Die Sexarbeiterinnen auf dem Straßenstrich sind froh, dass das Bordell offen ist. „Es ist wieder etwas los, aber es reicht nicht“, sagt eine Frau, die aus Rumänien stammt. Sie berichtet von Kolleginnen, die nur überlebten, weil sie bei ihren Familien und Freunden unterkommen konnten. Vieles sei in dieser Zeit illegal abgelaufen: durch private Verabredungen oder das Anbieten an anderen Stellen in Bonn.
Die Prostitution unter freiem Himmel war über Monate „praktisch ein Vakuum“, sagt der Bonner Vizestadtsprecher Marc Hoffman. Sie war nicht verboten, allerdings schloss die Stadt die Verrichtungsboxen an der Immenburgstraße, in die die Freier mit ihren Autos hineinfahren können. Kontrolliert wurde nur, ob der Sperrbezirk eingehalten wird. Für die Prostituierten war das Anlass, auch tagsüber auf die Straße zu gehen. Am vergangenen Samstag demonstrierten sie an der Immenburgstraße dafür, dass ihr Beruf besser anerkannt und in der Coronakrise nicht vernachlässigt wird.

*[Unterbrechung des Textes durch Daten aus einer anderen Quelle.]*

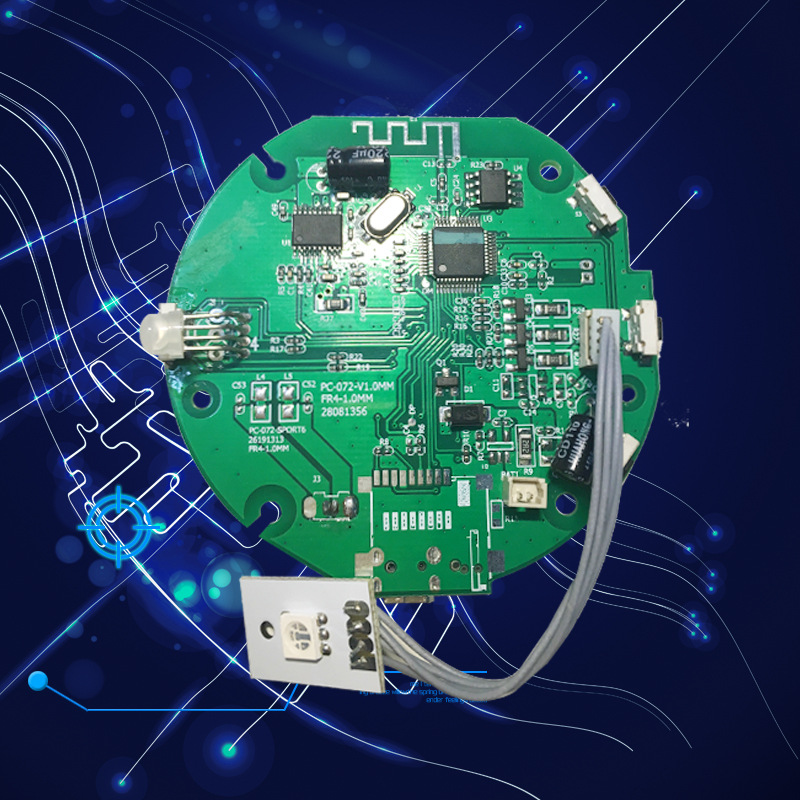 上海LED电源PCBA PCB开发厂家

Unter den Demonstranten war Nadine Kopp, die sich den Künstlernamen Bibi Drall gegeben hat. „Wir haben mit dem Prostitutionsgesetz gute Grundlagen, aber das ist alles noch ausbaufähig“, sagt die Prostituierte, die selbst lieber die Bezeichnung Sexarbeiterin nutzt. Sie zückt ihren Hurenpass, eine Art Gewerbeschein. „Welcher andere Unternehmer muss so etwas haben? Diese Stigmatisierung muss aufhören.“
Sie machte im Sommer jeden Monat 600 Euro Minus. „Ich war kurz davor, mein Auto zu verkaufen. Dann hätte ich fast gar nicht mehr arbeiten können.“ Besonders schlimm treffe es aber diejenigen ohne Reserven. „Das sind Existenzen, die kaputtgehen“, sagt sie mit Tränen in den Augen. Auf dem Kölner Strich habe sie Frauen mit dem Nötigsten versorgt. „Noch einen Lockdown darf es nicht geben.“
Anlaufstelle für viele Sexarbeiterinnen ist die Bonner Aids-Initiative, die sonst den Betreuungscontainer an den Verrichtungsboxen besetzt. Weil die geschlossen sind, verteilen die Helfer Kondome, Mundschutze und Hygieneartikel von der Geschäftsstelle an der Graurheindorfer Straße aus. Mittlerweile wird es eng, auf dem Schreibtisch von Christa Skomorowsky steht die letzte Tube Desinfektionsmittel. „In den ersten Monaten bekamen wir Geld vom Gesundheitsministerium, das ist nun aufgebraucht“, sagt sie. Was vielen Entscheidungsträgern offenbar nicht bewusst sei: Die Verrichtungsboxen seien eine wichtige Einrichtung für die Frauen. „Sie geben ihnen Sicherheit.“ Nun müssten sie in dunkle Ecken ausweichen, in denen es keinerlei Kontrolle gebe. „Dabei lassen sich die Hygieneregeln auch außerhalb von Bordellen umsetzen“, sagt Skomorowsky. Einen Leitfaden dafür gibt es schon, entwickelt für den Straßenstrich an der Geestemünder Straße in Köln. In Bonn bleiben die Boxen jedoch geschlossen.